### What the task asks:
Without the pictures, repeat all of the data exactly as it appears below.

### Supplied data:

[Start of section]

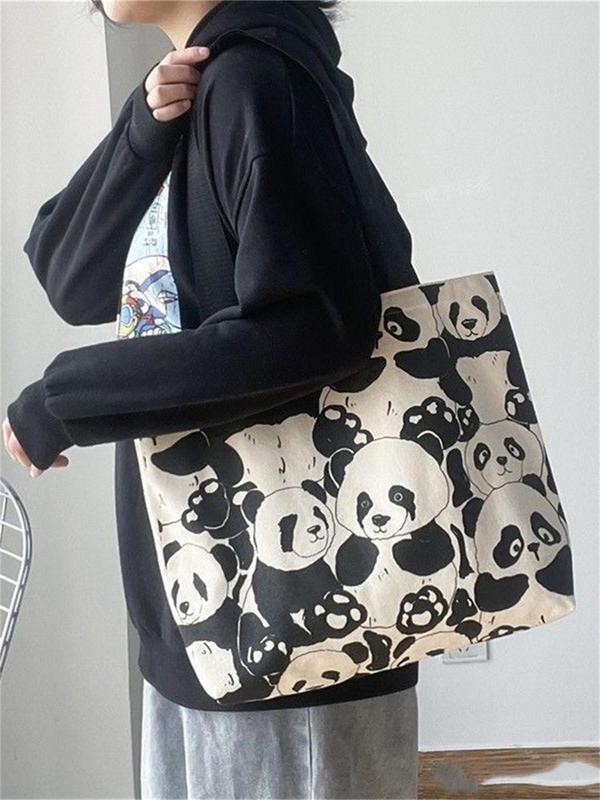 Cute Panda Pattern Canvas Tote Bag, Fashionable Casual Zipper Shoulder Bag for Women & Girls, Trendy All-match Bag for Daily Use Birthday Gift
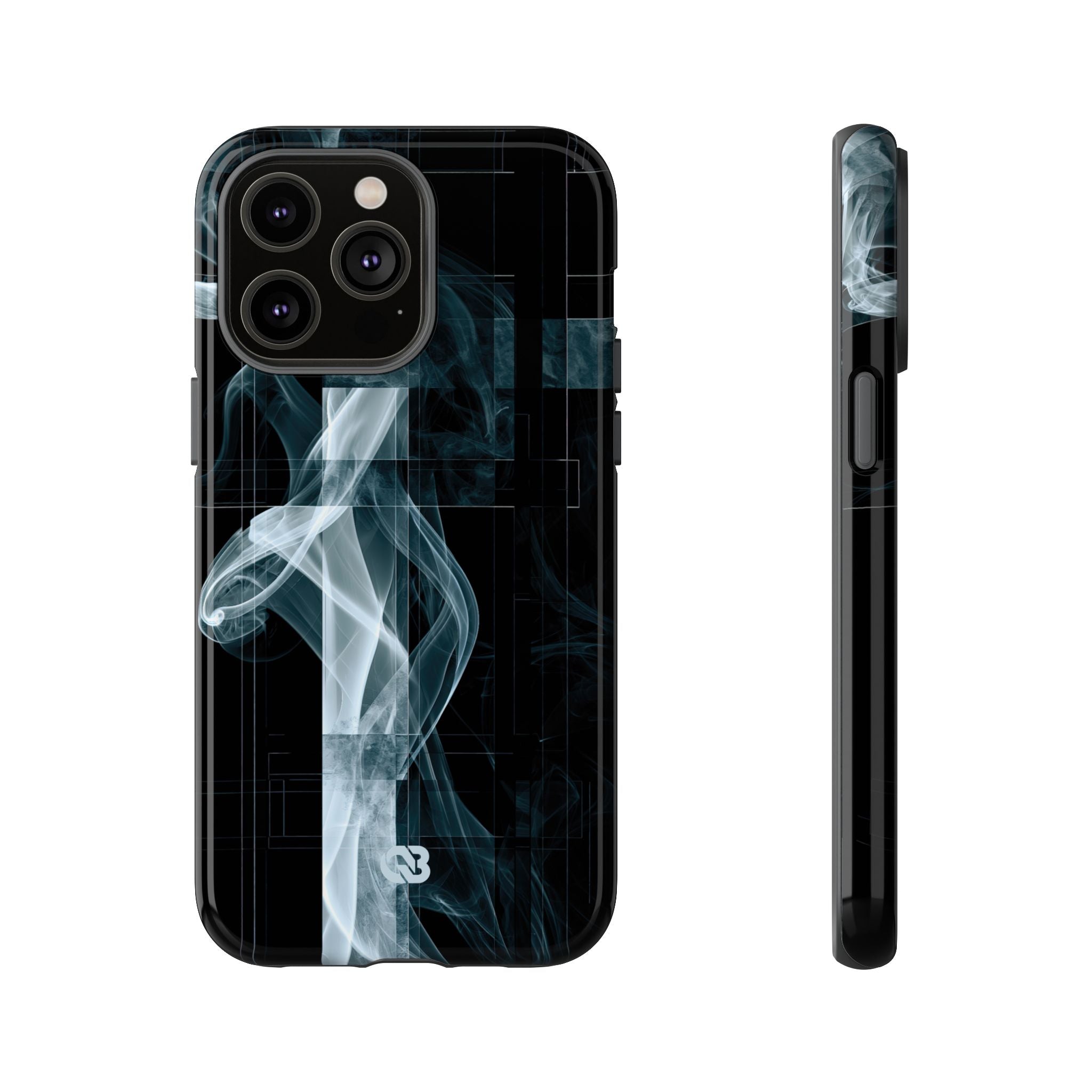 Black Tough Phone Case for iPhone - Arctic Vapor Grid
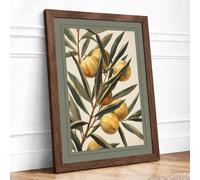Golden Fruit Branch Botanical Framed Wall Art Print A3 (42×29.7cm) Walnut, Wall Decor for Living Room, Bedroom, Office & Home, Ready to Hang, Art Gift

[End of section]

### Final answer:
 Cute Panda Pattern Canvas Tote Bag, Fashionable Casual Zipper Shoulder Bag for Women & Girls, Trendy All-match Bag for Daily Use Birthday Gift
 Black Tough Phone Case for iPhone - Arctic Vapor Grid
Golden Fruit Branch Botanical Framed Wall Art Print A3 (42×29.7cm) Walnut, Wall Decor for Living Room, Bedroom, Office & Home, Ready to Hang, Art Gift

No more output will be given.